Not every death is treated equally.
Some lives are headline news.
Others disappear without a line.

As a funeral director, I’ve seen both kinds of grief, the ones that bring cameras and casseroles, and the ones that pass unnoticed, with no public acknowledgment at all.
And it’s taught me something hard but necessary: even in death, privilege persists.

The Hierarchy of Worthiness

When someone dies, our response as a society often depends on who they were, where they lived, and how they died.
We mourn some deaths collectively; celebrities, heroes, victims of certain kinds of tragedy.
But other deaths are met with silence.

When a white child goes missing, it’s national news.
When a Black woman is murdered, her name may never trend.
When a police officer dies in the line of duty, there’s a procession down Main Street.
When a person experiencing homelessness dies under an overpass, there’s barely a mention.

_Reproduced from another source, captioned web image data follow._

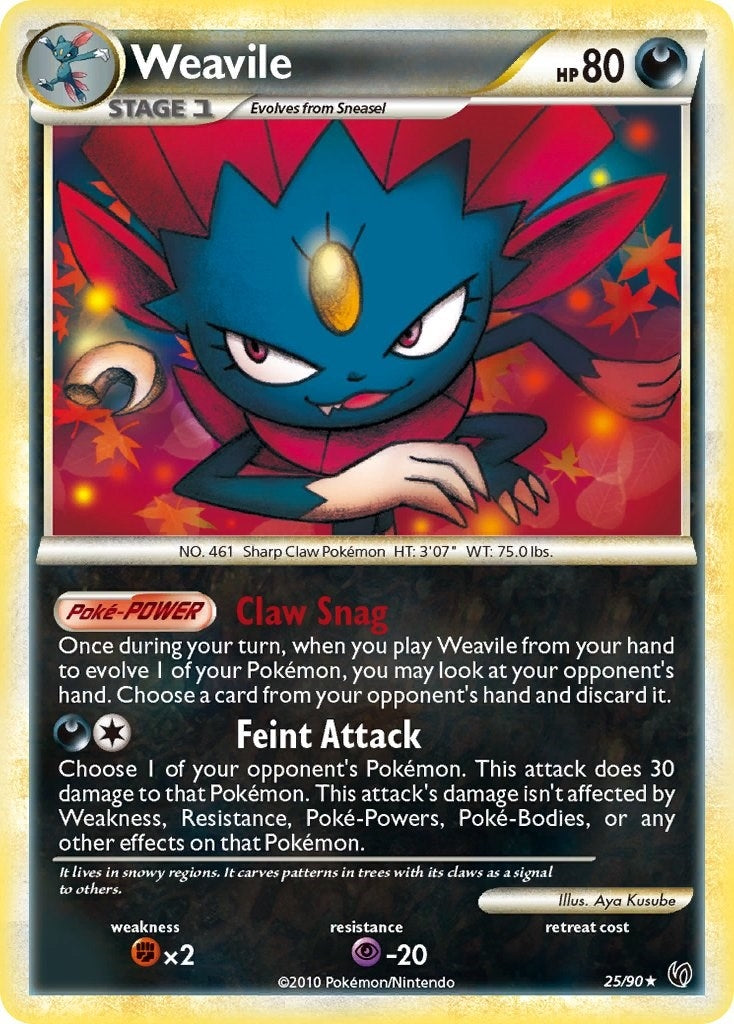Image for Weavile (Undaunted) (25/90) - Pokemon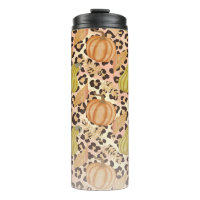 Pumpkin Squash Fall Leopard Print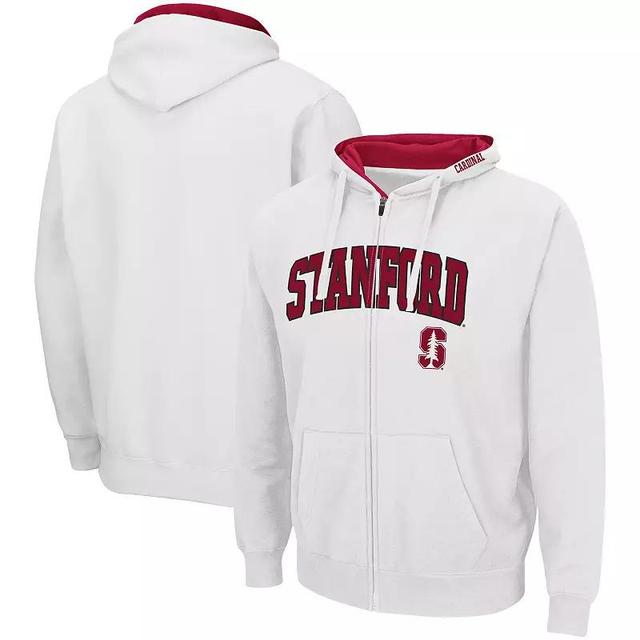 Mens Colosseum Stanford Cardinal Arch & Logo 3.0 Full-Zip Hoodie Product Image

This isn’t about who deserves to be mourned.
It’s about who we choose to see.

Our public rituals, news coverage, memorials, and candlelight vigils reflect our collective values.
And right now, they reveal a painful truth: grief follows power.

 

a group of people standing in a tunnel

 Photo by Elyse Chia on Unsplash

Whose Grief Is Visible

The visibility of grief depends on access to media, resources, community infrastructure, and people who will hold up your story.

Families with means can publish lengthy obituaries, commission artwork, and organize memorial foundations.
Communities with voice can mobilize public mourning: murals, hashtags, marches.
But when grief happens in the margins, it often stays there.

I’ve served many families who couldn’t afford an obituary.
I’ve worked with cases where no one came forward to claim the remains.
I’ve coordinated services where the only attendees were staff and one distant relative on speakerphone.

Those moments stay with you.
They force you to ask: What makes one life more grievable than another?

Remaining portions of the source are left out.